Clearly, $p \ge 3$.
Suppose that there exist $a,b$ such that $a^2+2b^2=p^2 (1) \Rightarrow 2b^2=(p+a)(p-a) (2) $
Consider the $gcd(p+a,p-a)$ which divides $2p$ and must therefore be either $1,2,p,2p$
Case 1: $gcd(p+a,p-a)=p \Rightarrow p|a $which gives a contradiction as the LHS in $(1)$ will be larger than the right hand side.
Case 2: $gcd(p+a,p-a)=2p \Rightarrow p|a$ which gives a contradiction as the LHS in $(1)$ will be larger than the right hand side.
Case 3: $gcd(p+a,p-a)=1 \Rightarrow p+a, p-a$ are both odd, which means the RHS in $(2)$ is odd, while the LHS is even.
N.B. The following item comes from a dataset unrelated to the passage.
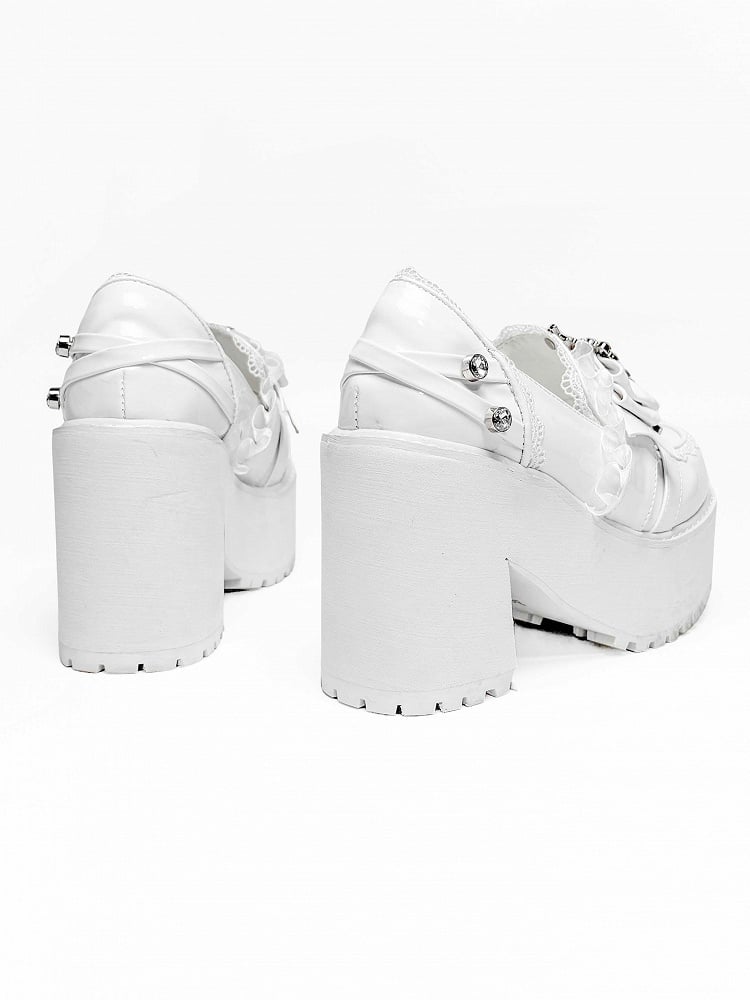 Polished White Jirai Kei Rhinestone Decorated Bow at Top Lace Trim Platform High Block Heels Slipons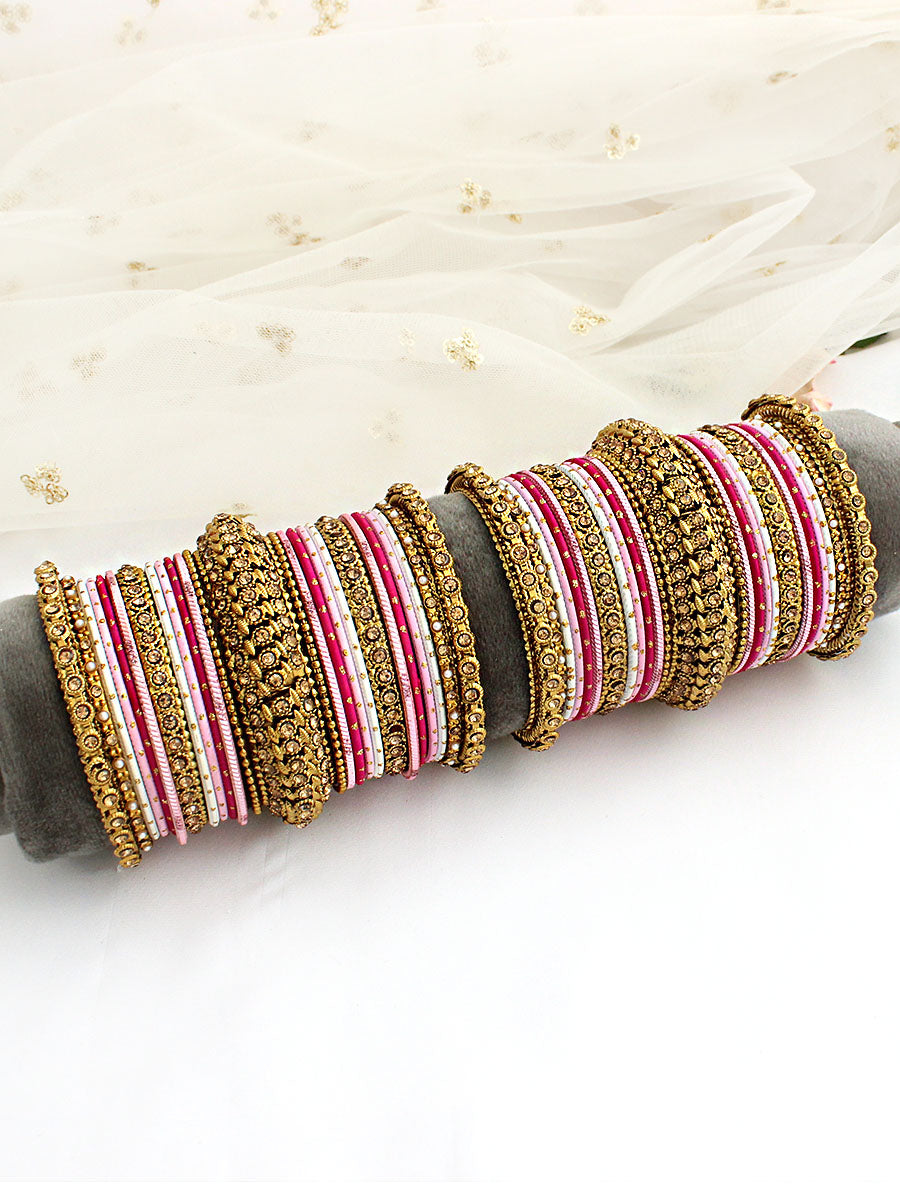 Roshina Bangle Set / Stack-Pink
Contradiction.
Case 4: $gcd(p+a,p-a)=2 \Rightarrow b^2 = 2 \big( \frac{p+a}{2} \big) \big( \frac{p-a}{2} \big)$ so
either $\frac{p+a}{2}=x^2, \frac{p-a}{2}=2y^2 \Rightarrow p=x^2+2y^2$
or $\frac{p+a}{2}=2x^2, \frac{p-a}{2}=y^2 \Rightarrow p=2x^2+y^2$
In either case, $p \in A$